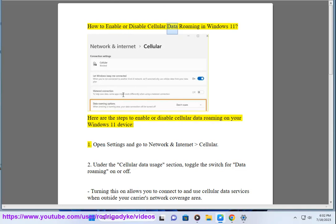How to Enable or Disable Cellular Data Roaming in Windows 11. Here are the steps to enable or disable cellular data roaming on your Windows 11 device.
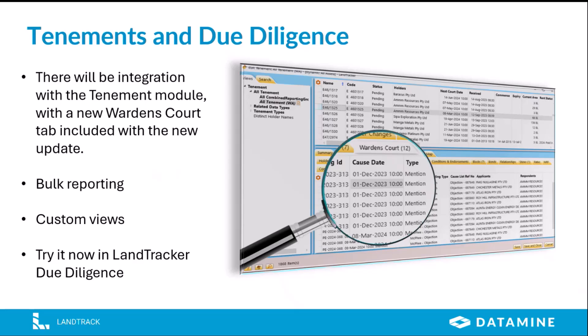Tenements and due diligence. There will also be integration with the tenements module, with a new Warden's Court tab being introduced to the template, available at the time of major release. You'll be able to do bulk reporting and create your own custom views using this data. For those who'd like to see this data early, we have already integrated it into the due diligence module in LandTracker. This is a service where you can view any tenement in WA and also the rest of Australia, though for the Warden's Court data it'll be focused on WA. You can run an inquiry for a chosen list of tenements — just look for the Warden's Court tab, which is available right now.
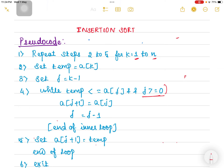Once temp and j are set, we enter the while loop. Inside the while loop there are two conditions: first, check whether temp is less than or equal to array[j], and second, check whether j is greater than or equal to 0. If both conditions are satisfied, we execute the two statements inside the loop. The first statement is to write array[j] to array[j+1].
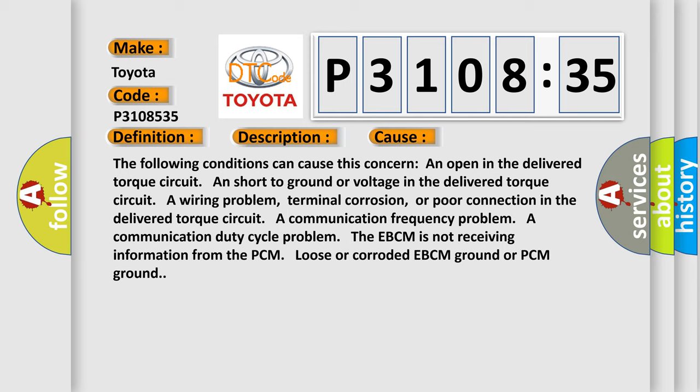An open in the delivered torque circuit, a short to ground or voltage in the delivered torque circuit, a wiring problem, terminal corrosion, or poor connection in the delivered torque circuit.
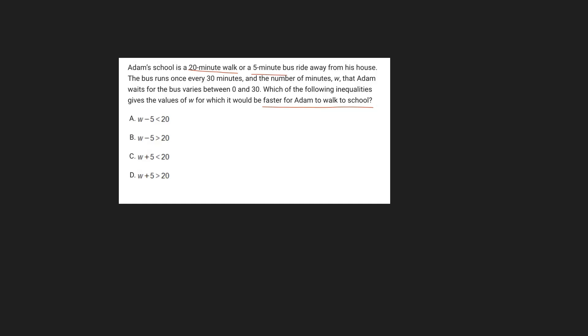So if we want the inequality that shows that it's faster for Adam to walk to school, that means that 20 minutes is going to have to be less than whatever's on the left side, because then that shows it takes less time. So first off, we can eliminate two answer choices because these don't show that relationship. The first one is A,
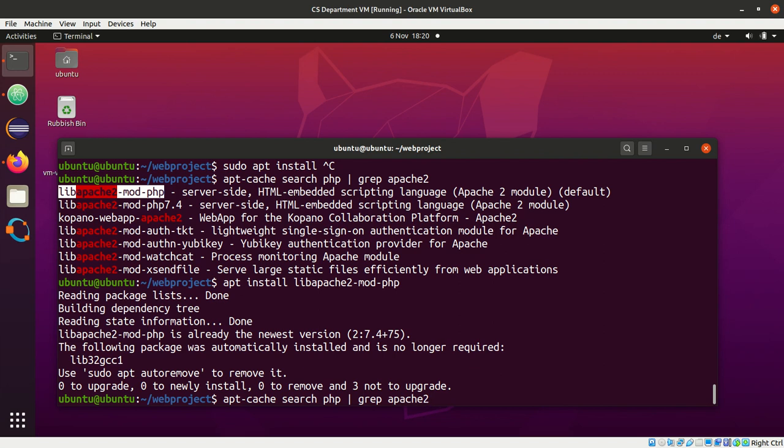What we also need to install is SQLite for the database access that I want to show you. So let's search for PHP and grep SQLite.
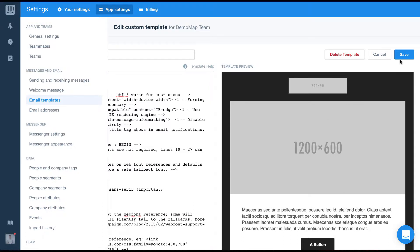Once you're finished editing your template, just click save so you can use it throughout the rest of Intercom. Give it a go and see how you get on.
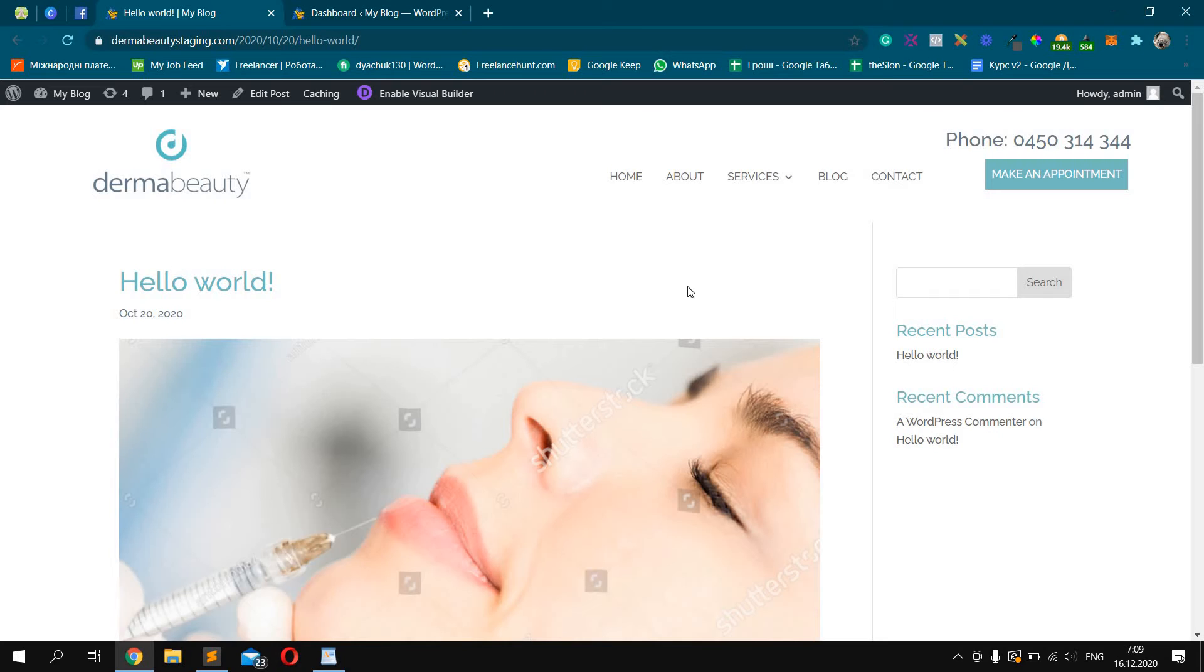Hi, this is WordPress Holder, the first YouTube channel where you can ask your WordPress questions and get your support video for free. Do not forget to subscribe. Thank you.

-----

--- BRIEF ---
Output the span from the line with "Once you're finished" through the last line of the data, inclusive and exact, and omit every picture.

--- FINAL ANSWER ---
Once you're finished editing your template, just click save so you can use it throughout the rest of Intercom. Give it a go and see how you get on.
Hi, this is WordPress Holder, the first YouTube channel where you can ask your WordPress questions and get your support video for free. Do not forget to subscribe. Thank you.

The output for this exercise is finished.